Mısır işçi sınıfı bütün Ortadoğu işçi sınıfı ve halkları gibi büyük bir karanlığın içinde ayaklandı.

60 yıllık baskı düzeninin içinde önce Tunus ardından Mısır halkı ayaklandı. Halkın tek ve basit bir isteği vardı: Diktatörler gitmeli. Nitekim her iki devrim de başarılı oldu ve Bin Ali ve Mübarek gitti.

Emperyalistler  ve yerli egemen sınıflar baştan diktatörleri tam anlamı ile desteklerken hareketin gücü karşısında gerilediler ve aşağıdan yükselen bu hareketin taşıdığı tehlikeleri görerek diktatörlerin gitmesini ama yerlerine gene emperyalizme, egemen sınıfa bağlı eski rejimin unsurlarının geçmesini sağladılar.

Tunus ve Mısır’da hem gösterilerle, hem de seçimlerle halk eski rejimi temizliyor.

Ancak, asıl önemlisi halk bu süreçte öğreniyor. İçinden çıktığı karanlığı unutuyor ve öğreniyor, yeni deneyler biriktiriyor.

Büyük yığınlar eylem içinde ve sadece eylem içinde öğrenir. Tunus’ta, Mısır’da ve diğer Arap ülkelerinde de bu süreç işliyor.

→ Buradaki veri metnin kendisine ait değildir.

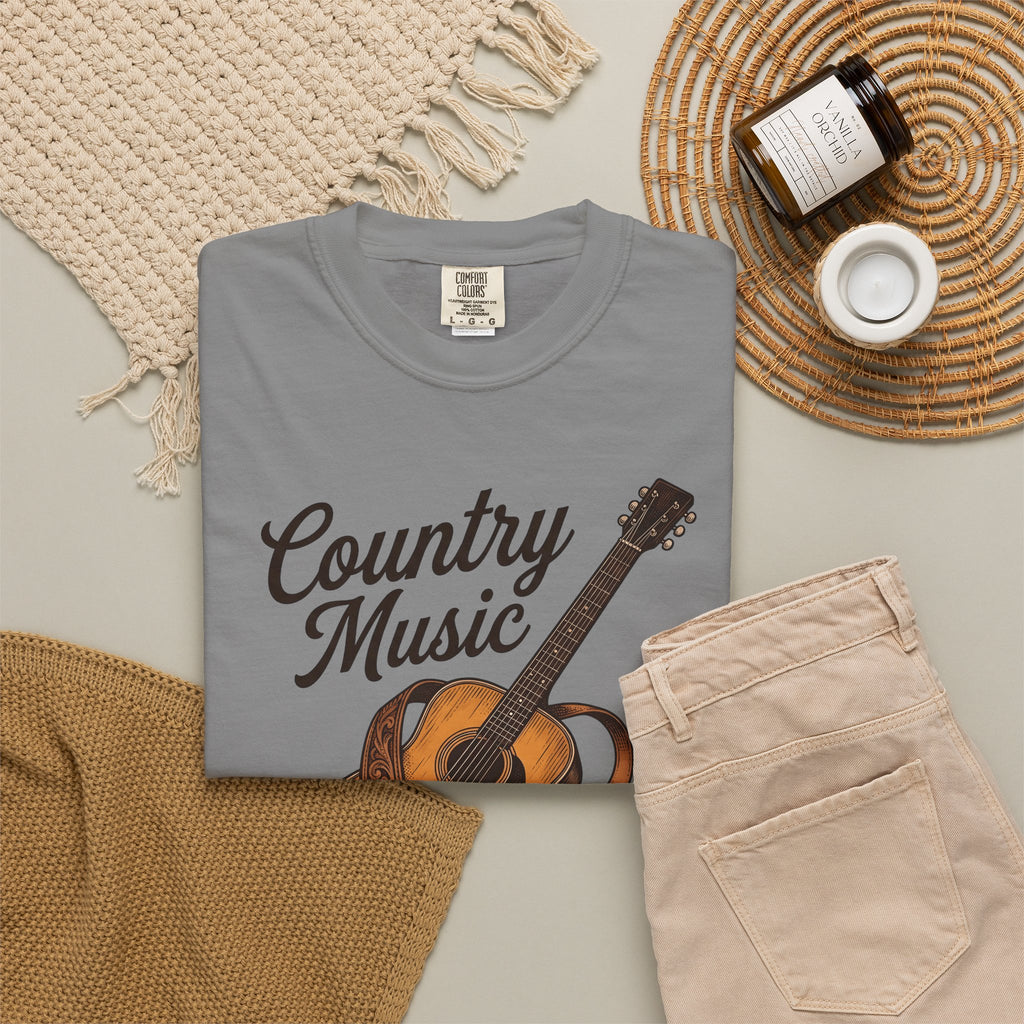Acoustic Guitar Country Music Prairie Gift Hand Drawn Guitar Country Fan Illustrated Countrywestern T-Shirt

İşçiler bağımsız örgütlenmenin önemini kavradılar ve bağımsız sendikalar kuruyorlar. Ekonnomik taleplerin yanı sıra siyasi talepler yükseltiyorlar.

Tunus’ta, Mısır’da, Libya’da işçiler ve emekçiler çalıştıkları işyerlerindeki eski rejime bağlı yöneticileri kovuyorlar.

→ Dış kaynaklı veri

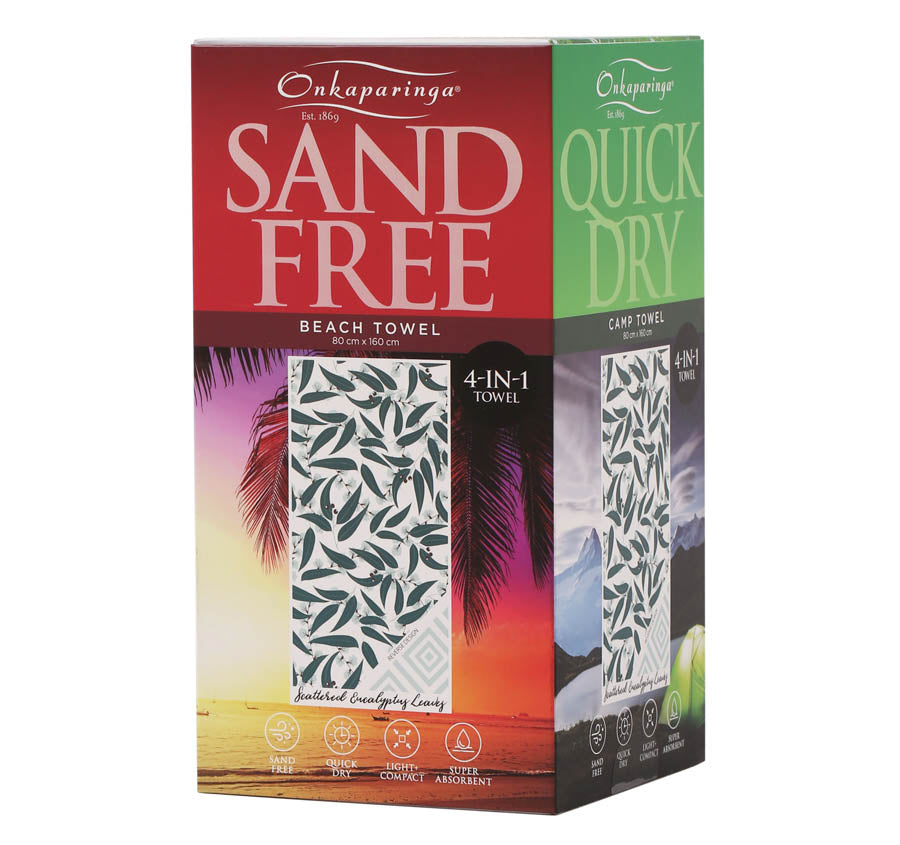 Sand Free 80x160cm Towel 4 in 1 Scattered Eucalyptus Leaves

Tunus ve Mısır’da öğretmenler ve öğrenciler müfredatı birlikte yeniden oluşturuyor

İslamcılar

Ulusalcı sol laikçi bir bakışla Tunus, Fas ve Mısısr’da seçimleri İslamcı partilerin kazanmasını bir kanıt olarak kullanmaya çalışıyor.

Diktatörlük rejimleri altında solun an örgütleri diktatörlüklerle işbirliği yapınca gelişen İslamcı örgütler oldu. Ayrıca 1989’da Doğu Bloku’nun çöküşü de dünyanın her yerinde olduğu gibi Arap dünyasında da solun çökmesine yol açtı.

Bu durumda İslamcılar seçimleri kazanıyorlar.

Öte yandan İslamcılar her yerde eski rejimin kalıntıları ile anlaşıyorlar ve öne çıkmalarında bu da bir faktör.

Ancak İslamcıların seçim zaferleri bu ülkelerde ki devrimleri karalamanın bir aracı olamaz.

Hiçbir şey eskisi gibi olmayacak

Tunus ve Mısır başta olmak üzere Arap dünyası büyük bir değişim yaşıyor. Baskıcı rejimler kaçınılmaz olarak yıkılıyor. Yığınlar güçlerini farkına varıyor.

Arap dünyasında artık hiçbir şey eskisi gibi olamaz.

Gelecek işçilerin mücadele ve örgütlenme düzeylerine bağlı. Bize düşen ise onlara destek olmak.